Faut-il encore présenter Glass Hammer, groupe fondé il y a un peu plus de trois décennies par Steve Babb et Fred Schenkel, et auteur à ce jour de plus d'une vingtaine d'albums ? Fortement marqué par la musique de Yes et adepte de concepts majoritairement liés à l'Heroic Fantasy, le duo a toutefois fait évoluer son style en fonction des différentes histoires avec leurs derniers albums en date portés par une musique résolument métallique.
Avec "Rogue", nouvel album conçu par le seul Steve Babb (Fred Schenkel n'intervient que sur deux titres), la narration s'éloigne quelque peu de cet univers pour conter la quête d'un homme rongé par le désir et le regret, lancé à la reconquête de son amour perdu, le tout illustré par un magnifique livret. Quant à la musique, elle revient à un progressif plus conventionnel, laissant de côté le metal des dernières productions.
'What If' débute l'histoire de manière plutôt joyeuse et lumineuse, tel un mélange savoureux de Moon Safari et d'un Yes moderne. Et si l'influence de ce dernier groupe reste présente, notamment par les différentes parties de guitare lap steel qui parsèment l'album ou encore la basse régulièrement chantante, elle se révèle bien moins prégnante que lors des premières productions du groupe. Groupe protéiforme, Glass Hammer est ainsi capable de produire un titre comme 'Pretty Ghost', sur lequel se mélangent des éléments de progressif traditionnel (basse à la Chris Squire, claviers vintage dans un premier temps puis typés 1980's ensuite) et une mélodie résolument pop portée par la voix au contours enfantins d'Olivia Tharpe, mais également de nous embarquer dans un envoûtant voyage de plus de sept minutes aux arrangements symphoniques somptueux ('The Wonder of it All').
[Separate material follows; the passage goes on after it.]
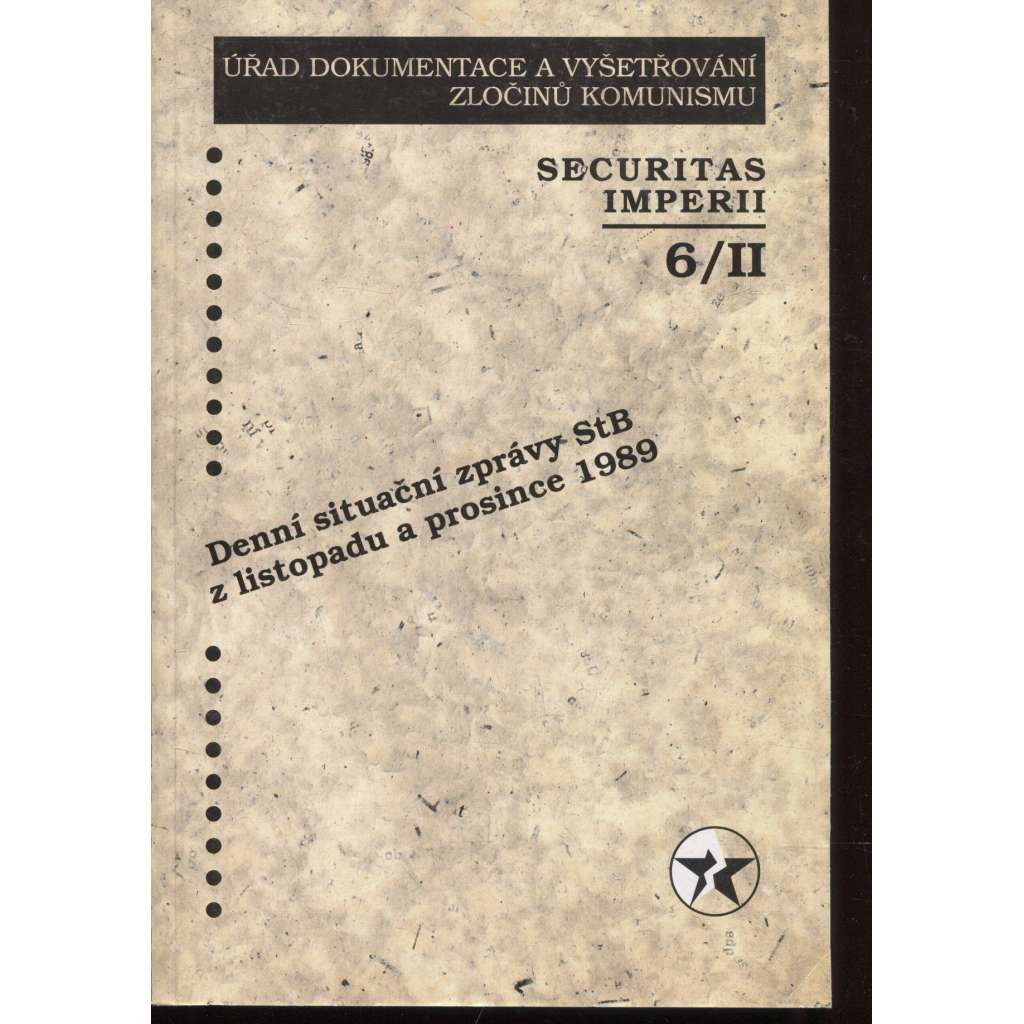 Securitas Imperii 6/II/2000. Denní situační zprávy StB z listopadu a prosince 1989 (Úřad dokumentace a vyšetřování zločinu komunismu)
De son côté, 'I Will Follow' et sa mélodie immédiate emmène l'auditeur vers les contrées new wave si bien portées naguère par des formations comme James, Noiseworks ou encore Simple Minds, pour un titre aux allures de single totalement addictif, dans lequel les voix masculines et féminines se mêlent avec bonheur. Et pour terminer d'illustrer le côté totalement éclectique de ce nouvel album, il est impossible de passer sous silence les dix minutes de 'Terminal Lucidity'. Positionné après 'One Last Sunrise', un court instrumental qui tourne très vite en rond, ce titre épique débute par une introduction répétitive qui emmène ensuite le morceau vers une montée en puissance progressive pour se terminer en un maelstrom sonore, jouant sans vergogne sur les terres habituellement arpentées par Ozric Tentacles. L'album se conclut de manière plus classique par un dernier titre épique symphonique, mettant là encore en avant un éclectisme de bon aloi, les thèmes et les orchestrations s'enchaînant avec bonheur.
Si Glass Hammer a pu dérouter par le passé les amateurs d'un rock progressif ancré dans les schémas des années 1970's par une évolution métallique assumée, "Rogue" devrait sans problème les ramener à bord du bateau et les rameuter de nouveau à la cause de Steve Babb et sa bande, tout en contentant également les adeptes de modernité.